I’m certain during Onboarding it was made clear the importance of maintaining a positive relationship with the client. This makes sense, after all they are the ones writing the check and keeping us little fish billable. That being said, if you’re looking for a “How-To” guide on contributing to your client’s happiness, this isn’t it. As a matter of fact, this post will highlight internal relationships and the awesome potential they have.
To be fair, I’m kind of biased in this area. I say this because I tend to value relationships in every aspect of my life: work, family, faith, and community involvement. Even at the local Waffle House I frequent here in Atlanta.
IN THE OFFICE: We all know the top priority being on any project is completing our deliverables and contributing however we can. That’s what we’re staffed to do, so it stays at the fore front our minds. Let’s start with the simple things, like greeting each other with a simple “hello” or “good morning, what’s on your agenda for today?” Sometimes those early light-hearted conversations set the tone for my mornings, even if there is quite a big workload ahead. These short interactions are a great way to understand who your co-workers are and how they operate. People often discover they share a common interest outside of project work that allows them to connect. The #1 opportunity to foster a connection is over (you guessed it) FOOD! People need to eat to survive. Now, sharing a meal doesn’t make two people “survival buddies” (starving together does). Dining with your team members at lunch/dinner does create an atmosphere where people are likely to be personable.
OUTSIDE THE OFFICE: Now it’s a party!.. Hopefully your idea of fun outside of work doesn’t mimic scenarios from “The Hangover” (either of the three). If that’s the case, I’m confident there are opportunities to explore for connecting with co-workers outside business hours. For myself, I’m more of the outdoors type, so I’d most likely lobby for hiking a trail, paintball, spear fishing (just putting it out there). There are plenty of chill indoor activities that people enjoy as well that are little to no cost. Again, food is a great option here. I promise you, people can’t live without it. Perhaps suggesting a restaurant that you know is a hidden gem, or having a small gathering and cooking/ordering out. I’ve even known people to visit each other’s home base cities over the weekend to hang out at festivals, concerts, etc.
Not once did I mention the term “networking” in this post. Mainly because as you build relationships with your co-workers that is essentially what you’re doing.
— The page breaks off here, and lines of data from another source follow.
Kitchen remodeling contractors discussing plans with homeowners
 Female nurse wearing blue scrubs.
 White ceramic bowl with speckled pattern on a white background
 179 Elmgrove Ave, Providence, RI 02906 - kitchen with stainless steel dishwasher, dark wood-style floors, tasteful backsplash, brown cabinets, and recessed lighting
Sure, initially most of your relationships will be with other staff consultants. But the more you extend yourself to people within the company thru project roles, visiting your home office, and events; you’ll begin to see the shift. Taking a genuine interest in the people you work with can change your outlook on your daily work life and help shape your career as a staff consultant. I’m sure you’ll meet some awesome people along the way. I know I have.